Are you sure you want to join me out here?

The air is thin, and the risks are dense. You will be called a fool. This is not a hazard but a certainty.

You will regret yourself daily. You will get yourself into thickets that could have been avoided for a lifetime.

You will feel like you’re running out of time. You will feel like you’re impinging on proper people’s time. You will lose the lullaby beat of ordinary time.

Are you sure about this?

Don’t misunderstand me. I can barely restrain my hope that you’ll hop out on the twig beside me. I want you to behold the beauty and the broadlands and the breadth and height and length and depth.

I want you to be my holy kindred spirit. I am doused in disorganized religion, and all it takes to find family is a mystical “maybe.”

You may court fairies in tree knots or patterns in the stars. You may keep Sabbath in the suburbs or sing in street-front tongues. As you ride ancestors’ horses or see the One in a thousand faces, we walk together. If you trust there’s a meaning, take my hand.

Jesus is my everything, but if you have even an inkling of an enchanted universe, we are on the same page of the boundless book.

We know we are not alone, which makes life luscious.

We know we are Love’s offspring, which gives days life.

We know our ache is honest, which makes love bold.

And thrilling.
And inexhaustible.
And extremely hazardous.

Winged with wonder, we can’t help but fly. Loved beyond sense, we sense our purpose. Sent like candles, we entrust ourselves to the Breath.

Are you sure you want to do this?

I’m not sure either of us has a choice. Once we’ve been swept into the net of love, we won’t forget our wings. Released, we are bewildered by our bravery, feeling around for fears that fell out of our pockets.

Once loved, we become lovers. News gets out.

We are the ones who hand out benefits of the doubt like Halloween candy. We are smitten with surly coworkers and mincing aunts, the old men who shouldn’t flirt with us and the new friends who we shouldn’t trust. We cannot miss their light. We cannot knot our tongues when tenderness wants to talk.

We assume the best, and we are and are not wrong. We bumble into caves with torches that were not requested. We confuse the people we’re trying to comfort. We confuse ourselves.

We love our shambolic lives. We find symbolism in seedlings and sonnets in spiderwebs. The supermarket is as sacred as any basilica. We run through torrential rain with pink buckets. We get more than we receive. We overflow.

We ladle our love without making sure there’s enough in the pot for tomorrow. We break off pieces of bread for the great and the ungrateful. We call people out for being outrageously glorious. We call people in.

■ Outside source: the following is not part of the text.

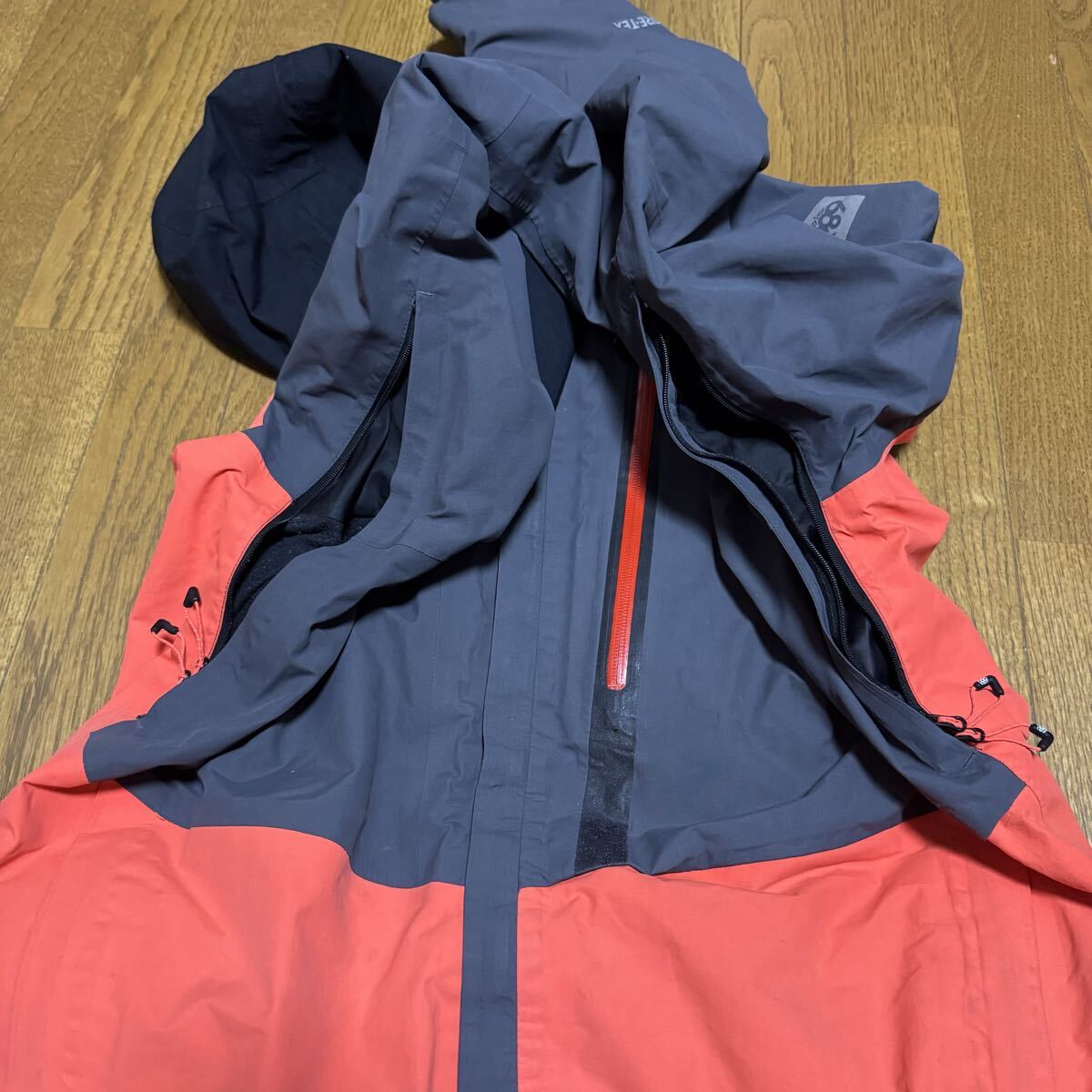 {$data['title']拍卖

We get called foolish and childish, impulsive and innocent.

We get exhausted and exasperated.

We get impaled on the sharp end of human nature.

We don’t get to see that our love never returns void.

We do get to see vistas reserved for mystics and tiny birds.

Are you sure you want to join me out here on the ledge?

I’m not known for risk-taking, but this is my essential imprudence.

We’re going to fall. We’re going to fall in love with people and sunsets and glimpses of what weary ones deny is divine.

I would love your company.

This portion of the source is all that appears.